> **What is being asked**
The lines to return are those from the line holding "QR code with Hoity Toity contacts" through the last line of the entries below, both included, written exactly and without pictures.

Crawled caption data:
==================================================

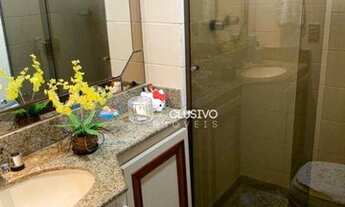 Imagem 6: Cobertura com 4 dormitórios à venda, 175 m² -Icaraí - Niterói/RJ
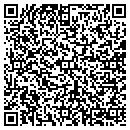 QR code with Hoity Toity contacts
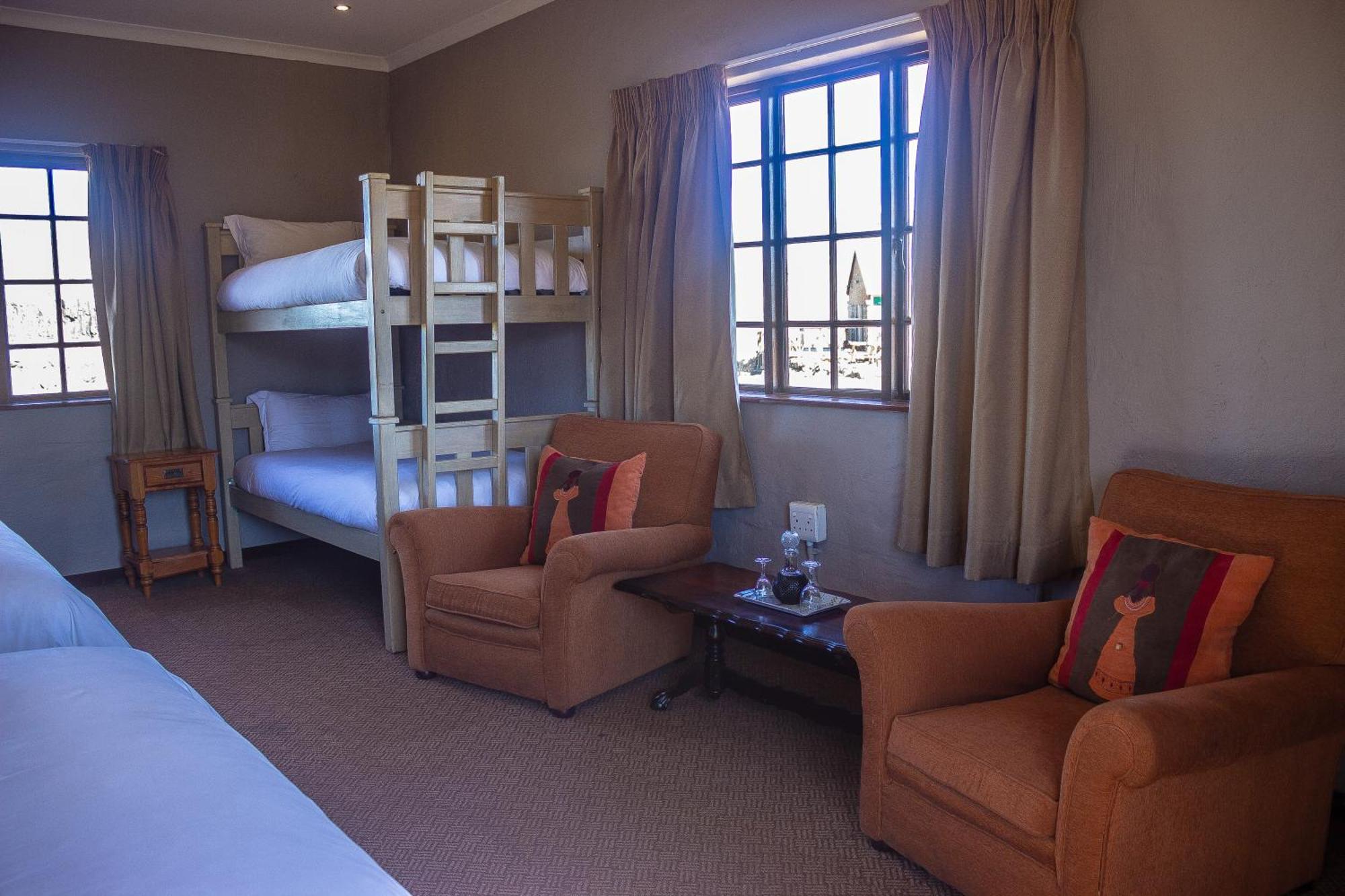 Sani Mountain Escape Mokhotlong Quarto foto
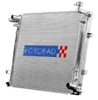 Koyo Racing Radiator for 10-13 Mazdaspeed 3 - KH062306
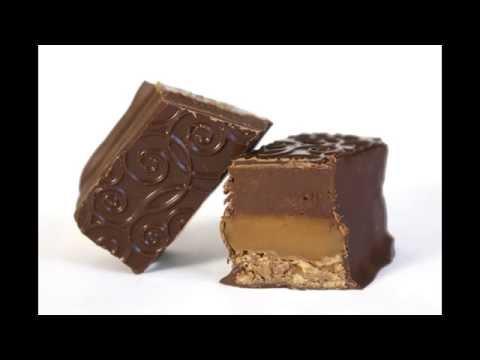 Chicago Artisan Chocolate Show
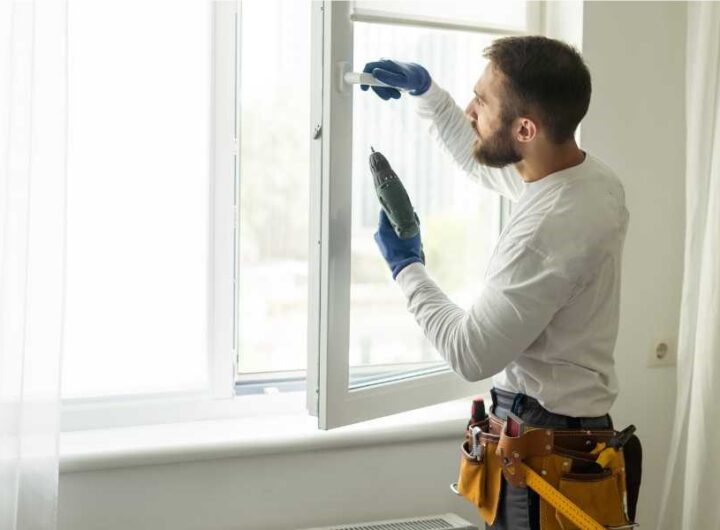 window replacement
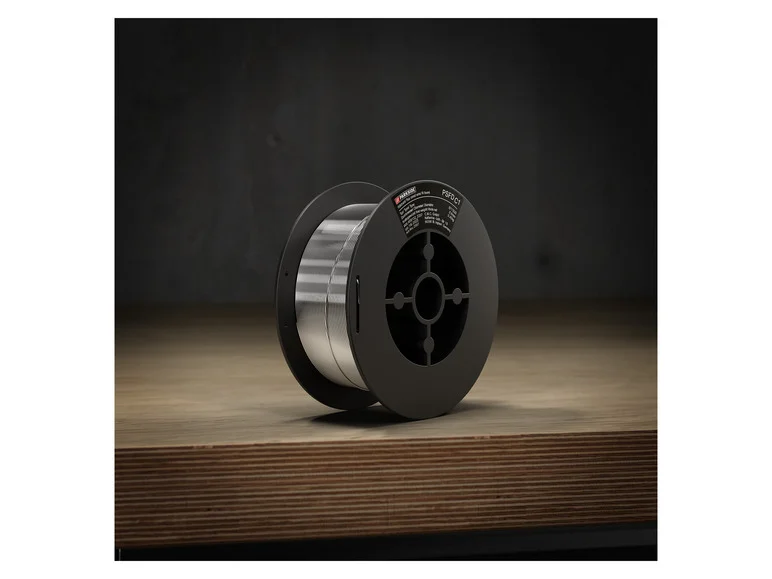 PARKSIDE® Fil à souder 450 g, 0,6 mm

==================================================

> **Answer below**
 QR code with Hoity Toity contacts
 Sani Mountain Escape Mokhotlong Quarto foto
 Koyo Racing Radiator for 10-13 Mazdaspeed 3 - KH062306
 Chicago Artisan Chocolate Show
 window replacement
 PARKSIDE® Fil à souder 450 g, 0,6 mm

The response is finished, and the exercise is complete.